Yule Ramblings #12: The Loving One
- Britt Schelling
- Dec 12, 2018
- 3 min read
There is a craft shop in Friendsville, MD. It had an alpaca with a broken neck.
Its Napoleon-Dynamite-looking face jetted out at a razor sharp 90-degree angle over its elongated neck, hovering above its right shoulder. Its misaligned jaw boasted a crooked bottom row of teeth that conveniently met you at eye level (but all alpacas seem to be victims of this particular dental affliction.) I'm not sure what happened to this one. I couldn't imagine being so docile if my world was catawampus, maybe this alpaca never knew the difference.
He (or she, I can't be sure) seemed... well... happy.
Goats, llamas and donkeys shared this particular petting zoo pen. You could feed them out of a metal scoop if you felt so inclined. Their swollen bellies smudged the dirt beneath them, contrasting the deep tracks left by their ever-plodding hooves. Their manner and frame served as evidence of visitors' nonstop deluge of offerings. Yet, the cordial creatures craved more - more friendly pats, more kibbly bits. Bleat. Hum. Hee-haw!
I felt a tinge of melancholy for this particular alpaca though. I am sure it received less than its fair share of guest affection. Feeding it took extra effort. When I was brave enough, I held the scoop up to its perpetually-tilted noggin. It'd peck at the pieces, more landing on the ground than in its mouth. The other animals - especially those damned ravenous goats - clamored for that loose feed. More often than not, my alpaca friend lost the Battle-Of-The-Bits. So I'd flick a few pieces directly into his/her mouth, and it'd bat them back at me with a slap of its sandpaper tongue. Finally, I cusped my hand around its mouth, resembling a snack-sized feed bucket. I thought I felt his appreciation... but mainly I just felt slobber collecting between my fingers.
I then offered a silent thank you to the establishment's owners for loving this gentle alpaca enough to continue sharing him with the world. The craft/antique shop itself is downright lovely. Its whimsical decor reminds me of my mom's house. To my knowledge, there is still a little jam and jelly store adjacent to it. My dad would wear his elastic "eating pants" and gorge on delicious samples.

Later that day, on the car ride home, traveling over the mountain on old Route 40, my mom surprised me with this ornament.
I'm not sure if it was in reference to the alpaca incident, but my subconscious has permanently fused the two.
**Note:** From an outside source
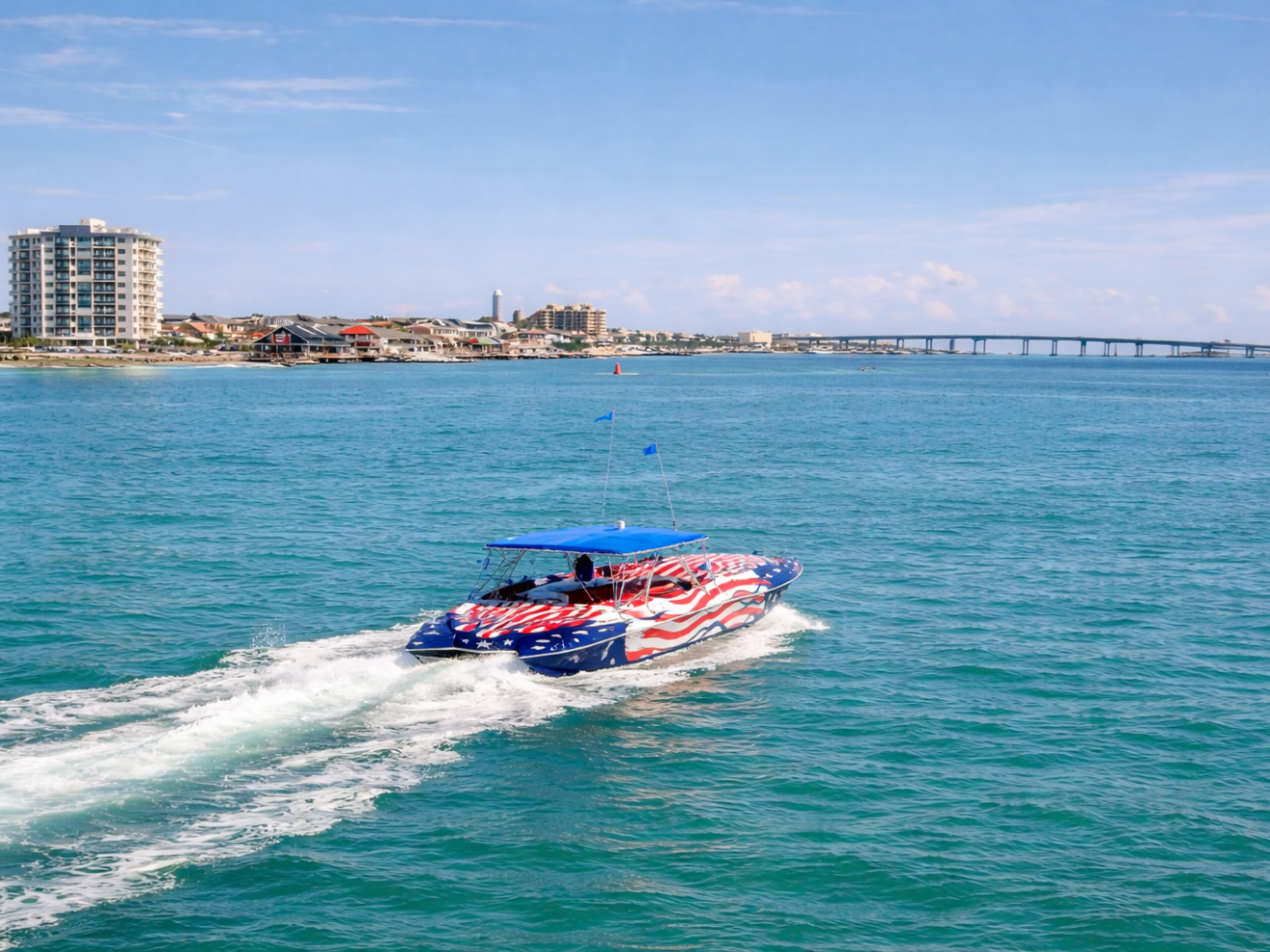 Boat with American flag design moves on blue water near coastal buildings and a bridge.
The heart symbolizes compassion and charity. Biologically, it is the first part of the body they believe is created while the fetus is in its mother's womb.
I've always looked at this ornament and thought of my mama as the bright pink heart, and me as the glittery green. Pink stands for unconditional love. Also, femininity... and the vibrant hue of this particular pink, I imagine, is reflective of my mom's spunky, zany nature, endlessly pushing the limits on what it truly means to considered "lady like."
Green is my favorite color: freshness, hope, luck, regeneration, "GO!".
Together, they represent us. This is the only ornament on our tree that is has enjoyed year-round exposure suspended from the bedroom window-blind strings, instead of being tucked away in the attic only to make an annual holiday appearance.
So yeah, back to the second sentence of this post: I elected to use past tense.
But truth be told, this very alpaca may still be alive. Man, I hope so.